Indiana i Oklahoma za to prowadzą w swoich seriach 2-0. Pacers, podobnie jak i Thunder, prowadzili we wtorek wysoko, ale w ich meczu zrobiło się na końcu gorąco.


Starterzy Lakers byli minus-12 w tylko siedem minut gry w meczu nr 1 z Timberwolves, a w meczu nr 2 Jaxson Hayes potrzebował niespełna pięciu minut, żeby wysłać na linię Goberta i Edwardsa. Zaraz więc Lakers raz jeszcze znaleźli się w swoim przyciężkim smallballu: dwóch białych guardów, 40-latek i jeszcze dwóch ludzi. Tym razem jednak Vanderbilt i Vincent, czyli dwaj, którym Lakers dali wysokie kontrakty – ale którzy długo byli kontuzjowani – spisywali się nieźle. Gabe Vincent trochę wrócił do nas w tym miesiącu.

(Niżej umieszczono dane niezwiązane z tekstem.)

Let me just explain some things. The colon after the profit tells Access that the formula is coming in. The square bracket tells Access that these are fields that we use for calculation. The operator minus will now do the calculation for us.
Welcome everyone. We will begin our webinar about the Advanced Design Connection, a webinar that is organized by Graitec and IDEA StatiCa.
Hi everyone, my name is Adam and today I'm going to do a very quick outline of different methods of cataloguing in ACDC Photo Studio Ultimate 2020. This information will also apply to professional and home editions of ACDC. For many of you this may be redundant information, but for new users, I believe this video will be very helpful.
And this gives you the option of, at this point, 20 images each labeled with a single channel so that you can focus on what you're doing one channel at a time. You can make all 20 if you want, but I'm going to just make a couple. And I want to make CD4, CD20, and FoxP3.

A Wolves? Wolves od startu przeszli w swoją leniwą głupawość, jakby cały skład, ze sztabem włącznie, bardzo dużo kosztowało, żeby grać mądrze.

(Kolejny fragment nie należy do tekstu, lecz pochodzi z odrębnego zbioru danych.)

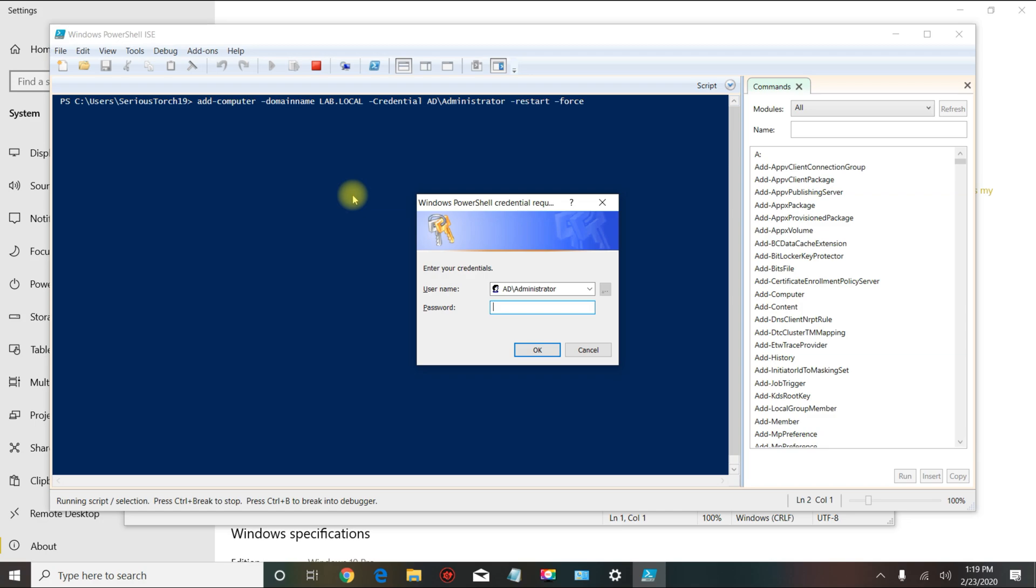Just put in the password and you're good to go. That's how you join the Windows 10 Pro or Enterprise machine to your domain. Thank you for watching. If you have any questions or issues, leave your comment below and please subscribe.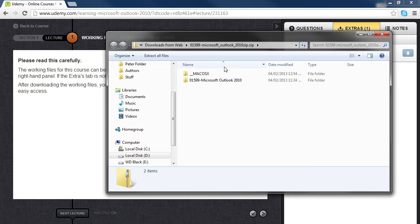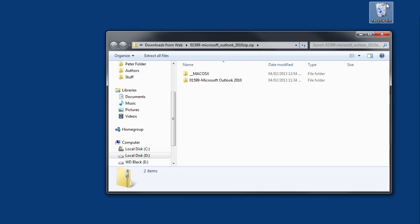The best place to save this file would be somewhere where you can easily find it and that would be the desktop. From there you want to minimize your Google Chrome browser so you can see the desktop.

Przegrywali już dziewiętnastoma po pierwszej kwarcie, źle switchowali Goberta na Donciciu, i tak jak w poniedziałek Clippers zrobili to z Normanem Powellem, tak Wolves na starcie meczu szukali Juliusa Randle’a, a znajdowali nic. Nie można zwyczajnie przepłacać tak jednostronnych graczy, bo kiedy nie zdobywają punktów, to nie tyle co nie wnoszą niczego, co jeszcze tylko krzywdzą grę całego zespołu. Randle i Gobert – osiem punktów i jeden blok po dwóch meczach – powinni tutaj niszczyć Lakers zbiorowym 40/20 na mecz, ale oczy pierwszego w playoffach stają się jeszcze większe, a drugi chodzi po parkiecie jak król świata, podnosi do góry ramiona, giba się jakby śmigał po parku z kijkami, tylko wydaje się, że nikt go nie rozumie! Rudy Gobert może być tym jedynym koszykarzem NBA, który wzbudza jeszcze mniej sympatii niż Nico Harrison.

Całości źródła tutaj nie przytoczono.